Jevons' Paradox is the observation that making something more efficient tends to increase total consumption of it, not decrease it. The name comes from Victorian economist William Stanley Jevons, who noticed in 1865 that improvements to the steam engine — which made it burn far less coal per unit of work — did not reduce coal consumption in Britain. It caused it to explode. Cheaper, more efficient engines made it economical to run more of them, in more places, doing more things. The efficiency gain unlocked new demand that had previously been too expensive to satisfy.
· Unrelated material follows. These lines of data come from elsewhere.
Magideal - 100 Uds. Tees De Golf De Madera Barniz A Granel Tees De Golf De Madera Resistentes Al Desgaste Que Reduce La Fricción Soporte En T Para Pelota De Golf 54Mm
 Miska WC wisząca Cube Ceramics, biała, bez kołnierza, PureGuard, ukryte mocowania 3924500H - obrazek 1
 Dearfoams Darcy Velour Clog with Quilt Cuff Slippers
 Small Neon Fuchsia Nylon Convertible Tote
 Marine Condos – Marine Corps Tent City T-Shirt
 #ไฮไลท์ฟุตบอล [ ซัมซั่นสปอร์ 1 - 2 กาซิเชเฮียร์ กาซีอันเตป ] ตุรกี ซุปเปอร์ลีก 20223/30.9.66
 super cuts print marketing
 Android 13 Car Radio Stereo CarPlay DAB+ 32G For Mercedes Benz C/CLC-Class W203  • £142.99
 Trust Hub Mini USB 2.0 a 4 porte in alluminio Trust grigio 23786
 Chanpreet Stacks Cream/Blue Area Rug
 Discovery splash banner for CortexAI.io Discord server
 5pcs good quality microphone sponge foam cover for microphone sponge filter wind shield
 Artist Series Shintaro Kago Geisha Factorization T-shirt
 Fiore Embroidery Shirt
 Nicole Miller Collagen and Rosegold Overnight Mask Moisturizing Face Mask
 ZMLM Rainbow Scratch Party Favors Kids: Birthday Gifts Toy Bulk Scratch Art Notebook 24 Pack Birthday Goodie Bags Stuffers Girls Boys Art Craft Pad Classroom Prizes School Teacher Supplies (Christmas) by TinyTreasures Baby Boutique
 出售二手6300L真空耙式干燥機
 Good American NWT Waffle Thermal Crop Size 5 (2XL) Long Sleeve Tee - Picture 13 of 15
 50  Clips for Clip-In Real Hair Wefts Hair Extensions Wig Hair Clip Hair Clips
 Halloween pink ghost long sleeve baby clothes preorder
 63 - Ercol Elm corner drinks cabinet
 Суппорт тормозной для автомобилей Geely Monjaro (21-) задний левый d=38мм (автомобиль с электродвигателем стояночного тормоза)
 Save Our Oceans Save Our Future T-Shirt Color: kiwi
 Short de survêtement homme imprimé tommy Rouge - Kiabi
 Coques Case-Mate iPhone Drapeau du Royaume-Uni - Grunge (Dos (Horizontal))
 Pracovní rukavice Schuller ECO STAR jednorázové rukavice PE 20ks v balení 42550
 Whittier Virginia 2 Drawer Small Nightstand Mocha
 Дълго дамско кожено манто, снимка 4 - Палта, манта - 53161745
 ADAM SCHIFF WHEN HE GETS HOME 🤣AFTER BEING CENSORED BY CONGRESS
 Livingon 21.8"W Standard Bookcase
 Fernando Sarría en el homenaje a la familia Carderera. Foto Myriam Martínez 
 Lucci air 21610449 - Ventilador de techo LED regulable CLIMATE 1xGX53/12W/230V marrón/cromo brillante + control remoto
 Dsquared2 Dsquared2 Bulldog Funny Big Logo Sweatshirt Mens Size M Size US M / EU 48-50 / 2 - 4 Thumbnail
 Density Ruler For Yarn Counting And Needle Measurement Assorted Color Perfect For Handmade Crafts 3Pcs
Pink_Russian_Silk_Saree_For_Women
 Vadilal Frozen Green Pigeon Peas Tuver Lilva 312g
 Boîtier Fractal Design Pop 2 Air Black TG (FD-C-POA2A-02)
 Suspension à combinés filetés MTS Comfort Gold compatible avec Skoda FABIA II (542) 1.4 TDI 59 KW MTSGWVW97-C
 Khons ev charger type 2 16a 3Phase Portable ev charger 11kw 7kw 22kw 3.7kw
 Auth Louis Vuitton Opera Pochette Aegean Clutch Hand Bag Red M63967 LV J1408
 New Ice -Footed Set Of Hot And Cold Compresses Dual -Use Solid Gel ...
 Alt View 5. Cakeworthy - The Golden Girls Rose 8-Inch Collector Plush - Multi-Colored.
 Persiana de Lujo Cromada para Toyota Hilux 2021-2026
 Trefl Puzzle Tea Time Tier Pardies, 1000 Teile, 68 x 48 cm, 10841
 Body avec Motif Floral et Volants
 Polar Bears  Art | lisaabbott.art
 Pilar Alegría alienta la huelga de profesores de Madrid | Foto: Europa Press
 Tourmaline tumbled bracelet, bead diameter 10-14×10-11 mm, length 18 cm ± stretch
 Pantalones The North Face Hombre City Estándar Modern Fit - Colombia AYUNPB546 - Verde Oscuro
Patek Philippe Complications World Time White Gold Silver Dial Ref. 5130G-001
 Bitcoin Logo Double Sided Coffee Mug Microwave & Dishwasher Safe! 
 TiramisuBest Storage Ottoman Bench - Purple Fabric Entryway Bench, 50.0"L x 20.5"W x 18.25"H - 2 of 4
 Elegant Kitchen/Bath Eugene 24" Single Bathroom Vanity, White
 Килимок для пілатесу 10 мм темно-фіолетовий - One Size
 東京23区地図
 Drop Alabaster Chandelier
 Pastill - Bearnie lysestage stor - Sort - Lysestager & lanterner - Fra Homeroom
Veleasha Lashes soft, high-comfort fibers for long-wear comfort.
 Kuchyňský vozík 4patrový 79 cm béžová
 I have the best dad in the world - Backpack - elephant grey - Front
The paradox reappears reliably across economic history. Fuel-efficient cars lead to more driving, not less, because the lower cost per mile makes longer trips worthwhile. More efficient lighting leads to more brightly lit buildings, not a reduction in electricity use. In every case, the efficiency improvement does not shrink the footprint of the technology — it expands it, because it lowers the threshold at which using more becomes rational. The expected saving gets absorbed by new activity rather than pocketed as reduction.
In the context of AI, the paradox matters enormously for thinking about labour and productivity. The natural assumption is that if AI makes cognitive work faster and cheaper, less cognitive work will be needed from humans. Jevons' insight suggests the opposite is more likely: cheaper and faster thinking will make it economical to tackle far more ambitious problems than we currently attempt. Drug discovery, personalised education, climate modelling, and mental healthcare are all domains where the bottleneck is not imagination but the sheer cost of the cognitive work required. Remove that bottleneck, and demand for the work — and for the humans who can direct and refine it — tends to grow.
The practical implication is not that efficiency improvements are bad, or that we should resist them. It is that the effects of efficiency rarely run in the direction common sense predicts. When someone argues that AI will reduce the need for human intelligence, they are implicitly assuming that the total demand for intelligence is fixed. Jevons spent his career demonstrating that this assumption is almost always wrong. It has not become more correct since 1865.